When I went to the school choice fair in West Hartford, the number of schools that I had to talk to and choose from overwhelmed me. There were about 40 booths packed in a single high school multi-purpose room. I thought to myself, “how am I going to know which of these schools is the best for my child?” As a parent who is a serious proponent of high quality child education, this concern became larger when I started talking to the people at the booth.

Administrator from a middle school – “Our school is special because we concentrate our classes on group discussions and seminars where your child can start to learn critical thinking skills.”

Another from a magnet middle school – “Our school offers a special STEM program which will build the science foundation of your child and will lead to better career opportunities.”

A student representative from a middle school – “Our school is so much fun!”

Since my main concern is the quality of education, these different curriculums and specialties of schools made it hard for me to process the information. I mean, how am I supposed to know accurate information of the schools from administrators desperately trying to sale the school brand? I need to do some research on some school statistics that cannot be found through just talking to the people.

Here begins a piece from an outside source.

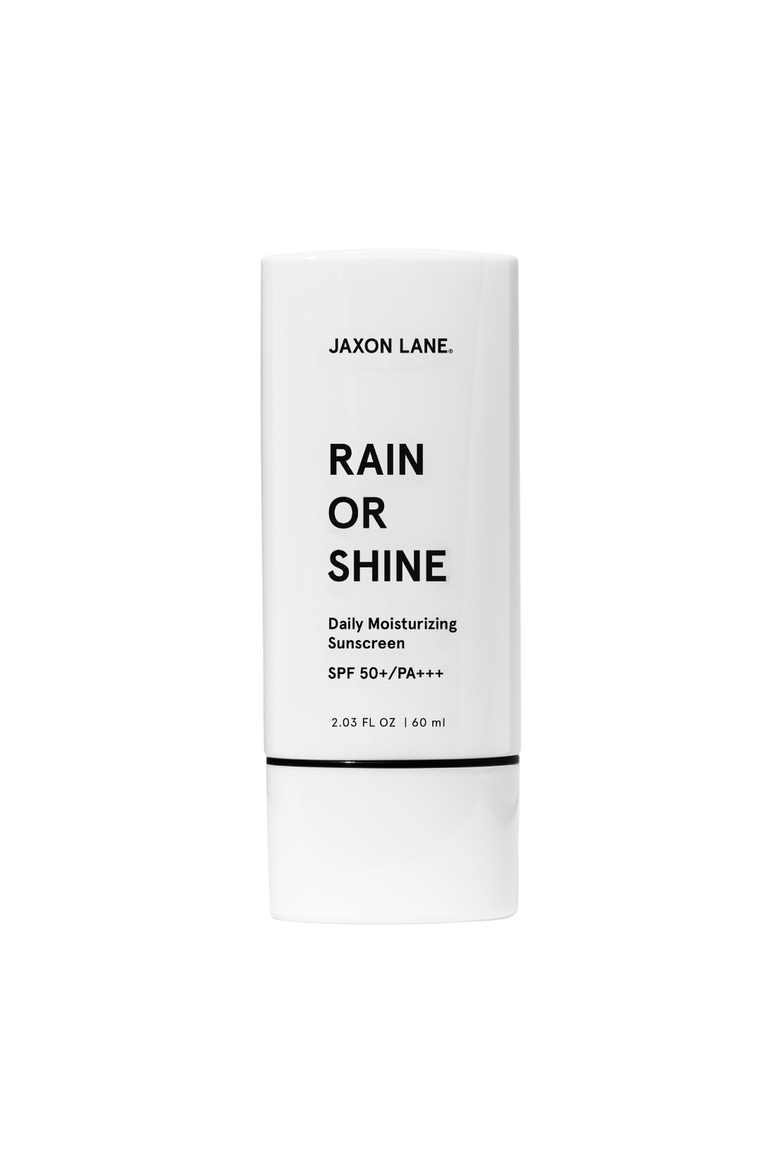 Rain Or Shine Daily Moisturizing Sunscreen, Main, color, None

Are these magnet schools even worth it? What if my child is destined to be an artist, but ends up in a STEM school? Wouldn’t my child want to explore whatever she wants, and find out what she wants to do during college, or even later in life?

Going through this process is difficult, but I guess my pressure is lower than parents from other districts. We have some high quality public schools in Avon, such as the Roaring Brook Elementary and Avon Middle School. These schools are probably the best choice for me instead of magnet schools that require long time to travel to and have the potential to steer my child towards only a specific interest. And, since many Avon parents choose neighborhood public schools as an alternative to magnet schools, the participation rate in the lottery system from Avon is very low. That allows us to have a higher probability than other districts to be admitted to the magnet schools. (I have read that typically the probability for a suburb resident to get into one magnet school is about 25 percent.)